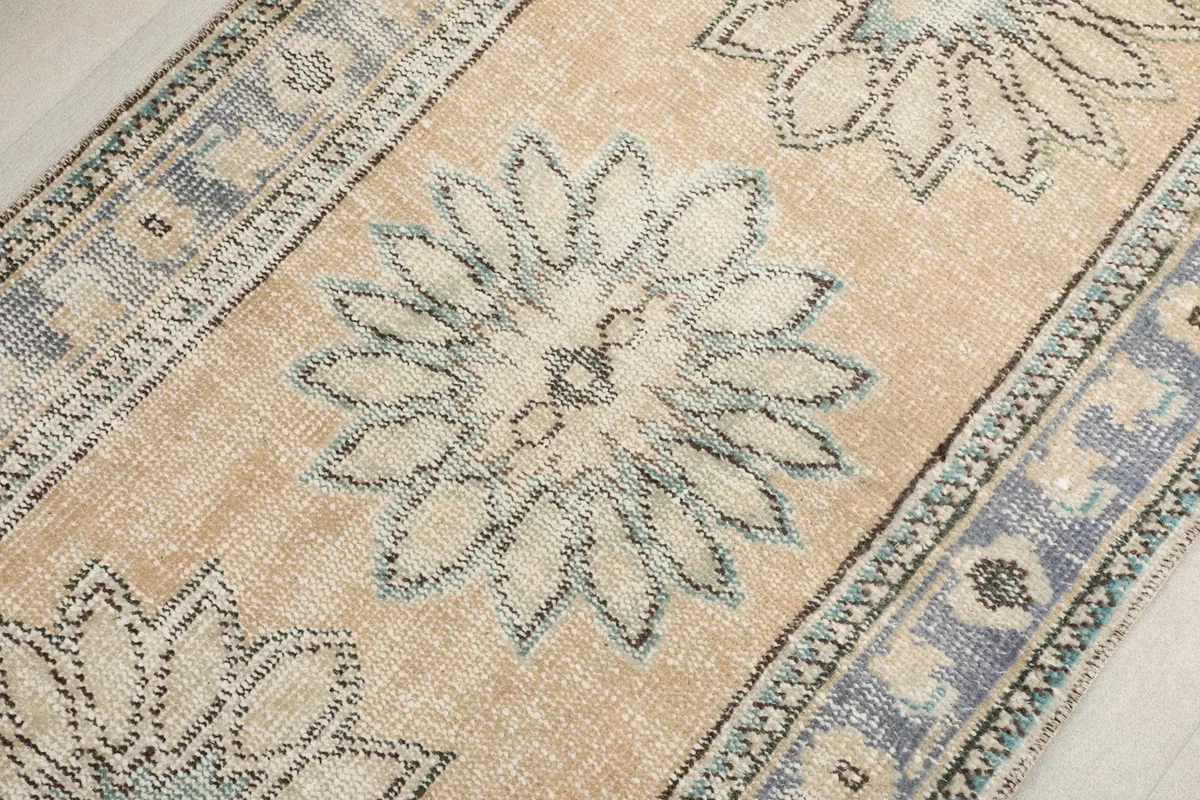 Overhead detail of a central floral motif with subtle blue and green tones on the beige background.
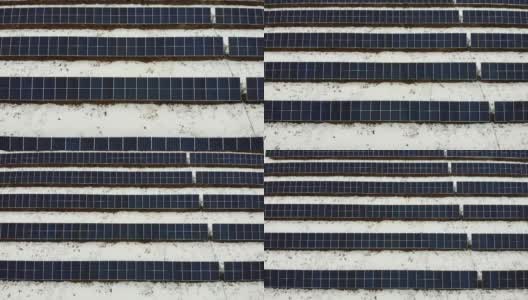 可再生能源业务与太阳能电池板在冬天的雪地里高清在线视频素材下载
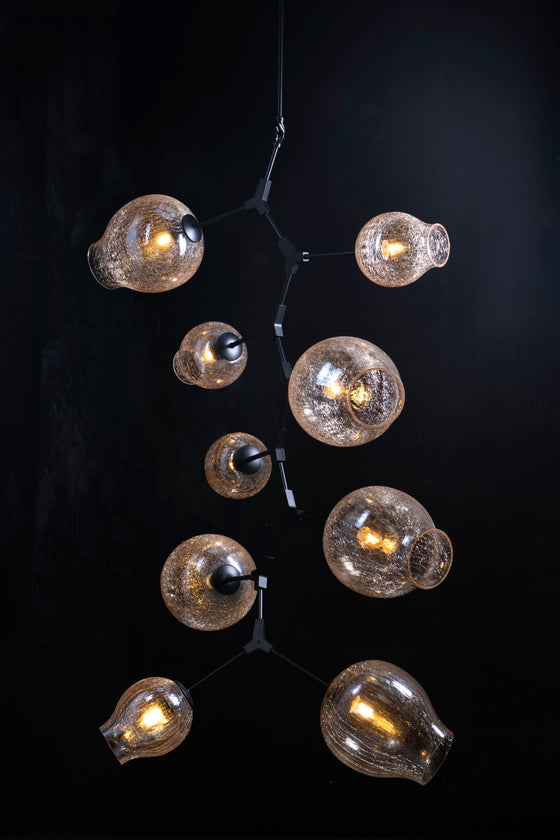 A mid-century modern style chandelier with geometric lines, featuring a gold finish and crackle glass globe lights.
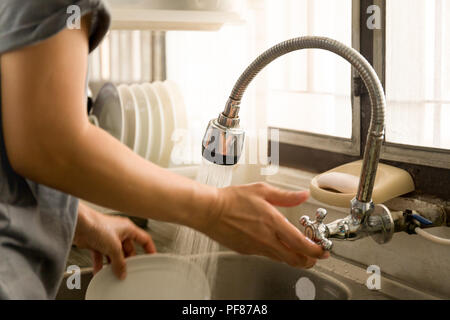 Woman's Trun auf Leitungswasser machen den Abwasch in der Küche zu Hause. Stockfoto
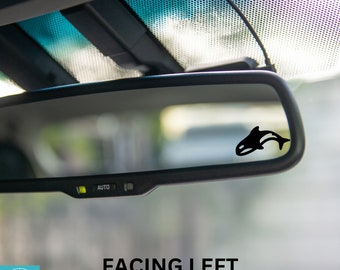 May include: A black orca whale silhouette decal facing left, reflected in a rearview mirror of a car. The mirror has an "AUTO" button.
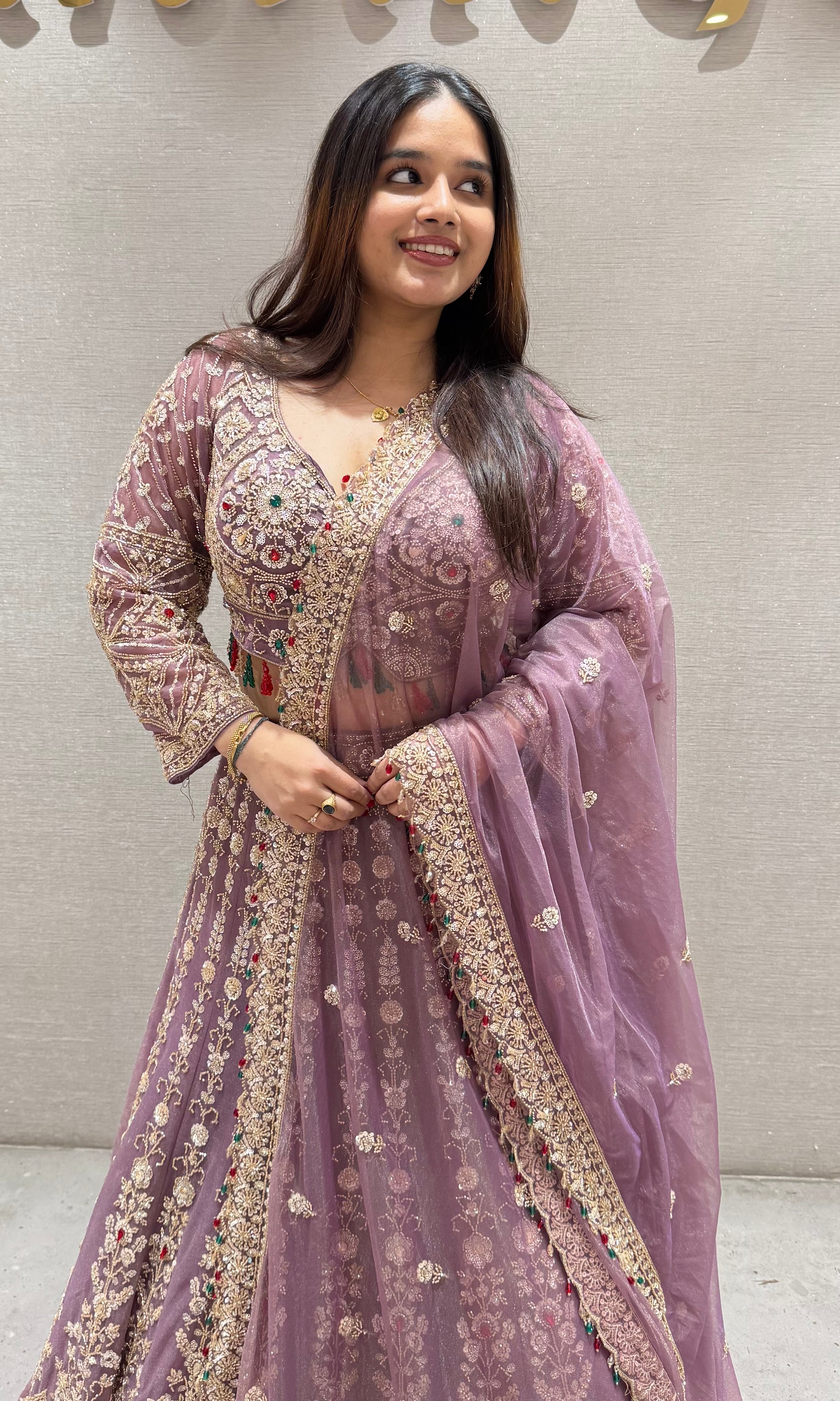 Purple lehenga with green and red contrast jewellery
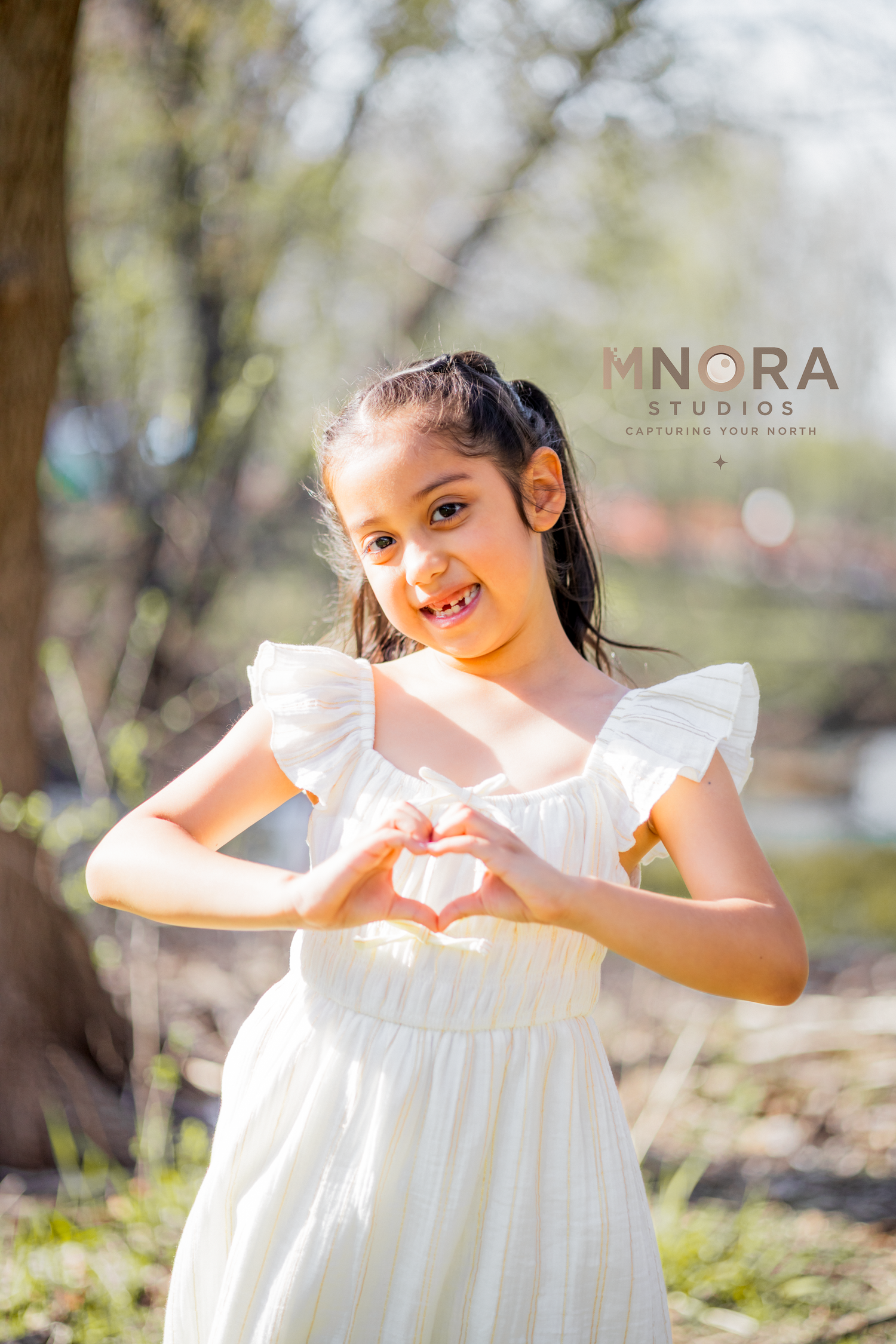 Girl in white dress twirling during outdoor portrait session in Minneapolis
= = = =
_WHAT IS EXPECTED_. Starting at the first line of the listing above, write out each line exactly and nothing else until you reach the line containing "Woman's Trun auf", which is included as well; omit all pictures.

_RESULT OF THIS TASK_.
 Overhead detail of a central floral motif with subtle blue and green tones on the beige background.
 可再生能源业务与太阳能电池板在冬天的雪地里高清在线视频素材下载
 A mid-century modern style chandelier with geometric lines, featuring a gold finish and crackle glass globe lights.
 Woman's Trun auf Leitungswasser machen den Abwasch in der Küche zu Hause. Stockfoto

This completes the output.